Here’s my favorite part: Shut your eyes tight and imagine a clown, the borderline terrifying kind. In that black infinity behind your eyelids, the specter glitters and reverberates. Reddy brings this kaleidoscopic, almost psychedelic, vision into a vibrant unlimited grid in Great Clown (1981), where arcing juggling balls endlessly refract and multiply; motion is again at the forefront.

That the artist’s longest-running series centers on the figure of the circus clown is somewhat surprising, though less so once one considers Reddy’s clear sense of humor and sharply observant eye.
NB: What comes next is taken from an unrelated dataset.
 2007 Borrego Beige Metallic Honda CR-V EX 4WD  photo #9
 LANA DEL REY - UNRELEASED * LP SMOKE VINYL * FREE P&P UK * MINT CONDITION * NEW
Despite drawing inspiration from memories of visiting the circus with his young daughter, Reddy’s clowns are uneasy figures who materialize and dissolve, sink into wormholes, and reveal the grimaces behind their smiling masks throughout their many print iterations.

The viewer stares up the clown’s nostrils in Clown Juggler (1978), the figure’s eyes concerned and brow furrowed as he nervously watches the juggling balls in midair. The faceless crowd applauds. What does it mean to enact our routines day after day, continuing to perform normalcy amid the chaos of a colossal universe that will continue with or without you? That same universe that Reddy felt open to experiencing in its entirety could also be crushingly incomprehensible.

Reddy’s clowns seem to be experiencing a properly absurdist existential crisis. Heaven in a Wildflower, though, brings this narrative to a conclusion with Untitled [Woman of Sunflower] (1997): a central figure in a meditative state, reaching enlightenment.

There is simply so much to be said about this work. With a series of programming organized by Print Center New York culminating in a dedicated research symposium, a renewed interest in the artworks of Krishna Reddy seems assured.